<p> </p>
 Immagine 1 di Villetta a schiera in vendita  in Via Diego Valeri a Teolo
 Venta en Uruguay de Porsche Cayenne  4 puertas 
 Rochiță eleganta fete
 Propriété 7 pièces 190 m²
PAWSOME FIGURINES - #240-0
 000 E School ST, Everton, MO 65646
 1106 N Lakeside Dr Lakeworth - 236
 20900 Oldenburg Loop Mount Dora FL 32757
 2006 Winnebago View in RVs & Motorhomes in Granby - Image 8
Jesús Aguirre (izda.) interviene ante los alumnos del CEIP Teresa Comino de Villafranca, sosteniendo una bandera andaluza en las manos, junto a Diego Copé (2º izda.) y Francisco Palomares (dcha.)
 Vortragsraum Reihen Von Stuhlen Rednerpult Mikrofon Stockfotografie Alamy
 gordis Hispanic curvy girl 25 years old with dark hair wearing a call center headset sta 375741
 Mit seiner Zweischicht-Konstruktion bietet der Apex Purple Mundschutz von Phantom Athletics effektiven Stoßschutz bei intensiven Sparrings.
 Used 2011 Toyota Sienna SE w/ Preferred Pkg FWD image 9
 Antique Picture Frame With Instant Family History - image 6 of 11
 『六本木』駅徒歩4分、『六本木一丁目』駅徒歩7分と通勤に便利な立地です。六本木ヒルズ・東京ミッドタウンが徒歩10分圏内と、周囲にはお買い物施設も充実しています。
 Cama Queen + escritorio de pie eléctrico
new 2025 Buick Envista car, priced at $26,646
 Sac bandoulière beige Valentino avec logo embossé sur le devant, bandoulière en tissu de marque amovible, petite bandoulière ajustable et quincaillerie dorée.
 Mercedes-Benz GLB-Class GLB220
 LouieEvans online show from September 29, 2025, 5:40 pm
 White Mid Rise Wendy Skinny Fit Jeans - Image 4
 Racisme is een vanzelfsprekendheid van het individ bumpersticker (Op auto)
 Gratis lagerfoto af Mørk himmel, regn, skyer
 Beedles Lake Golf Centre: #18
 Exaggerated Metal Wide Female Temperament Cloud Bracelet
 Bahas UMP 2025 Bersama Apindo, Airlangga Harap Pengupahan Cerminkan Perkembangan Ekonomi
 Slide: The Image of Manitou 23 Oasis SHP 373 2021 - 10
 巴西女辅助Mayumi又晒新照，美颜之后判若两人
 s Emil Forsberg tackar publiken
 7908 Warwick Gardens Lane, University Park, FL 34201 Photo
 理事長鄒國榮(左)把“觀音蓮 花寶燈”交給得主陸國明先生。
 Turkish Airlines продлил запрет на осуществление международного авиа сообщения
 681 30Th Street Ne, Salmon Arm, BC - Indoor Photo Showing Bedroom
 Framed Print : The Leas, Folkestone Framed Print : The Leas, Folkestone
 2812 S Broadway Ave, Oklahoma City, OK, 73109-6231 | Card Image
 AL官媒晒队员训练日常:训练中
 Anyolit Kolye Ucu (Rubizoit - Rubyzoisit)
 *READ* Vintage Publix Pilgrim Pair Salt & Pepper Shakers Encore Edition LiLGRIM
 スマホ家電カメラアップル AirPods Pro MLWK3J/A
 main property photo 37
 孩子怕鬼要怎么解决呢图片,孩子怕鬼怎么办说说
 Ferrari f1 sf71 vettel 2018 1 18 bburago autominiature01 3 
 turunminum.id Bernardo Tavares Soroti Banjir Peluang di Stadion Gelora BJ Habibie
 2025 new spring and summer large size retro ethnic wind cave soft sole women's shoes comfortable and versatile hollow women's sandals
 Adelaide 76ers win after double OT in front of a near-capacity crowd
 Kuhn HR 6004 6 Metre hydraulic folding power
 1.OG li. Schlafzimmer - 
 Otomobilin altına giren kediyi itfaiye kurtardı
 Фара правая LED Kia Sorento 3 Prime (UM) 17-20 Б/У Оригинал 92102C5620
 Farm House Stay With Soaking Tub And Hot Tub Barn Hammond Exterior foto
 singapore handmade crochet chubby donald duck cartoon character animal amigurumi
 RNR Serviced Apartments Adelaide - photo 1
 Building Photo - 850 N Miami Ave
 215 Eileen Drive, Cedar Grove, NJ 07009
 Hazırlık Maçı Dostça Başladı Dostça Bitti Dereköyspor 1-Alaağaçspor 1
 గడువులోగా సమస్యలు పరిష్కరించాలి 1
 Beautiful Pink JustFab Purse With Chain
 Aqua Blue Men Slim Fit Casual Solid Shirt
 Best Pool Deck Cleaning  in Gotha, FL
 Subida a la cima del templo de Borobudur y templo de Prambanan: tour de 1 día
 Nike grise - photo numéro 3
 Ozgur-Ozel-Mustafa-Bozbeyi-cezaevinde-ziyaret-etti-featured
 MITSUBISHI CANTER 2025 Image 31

- _Work instruction_: Report how many lines of the listing hold the word "Adelaide", with nothing but the number.

- _Result of the task_: 2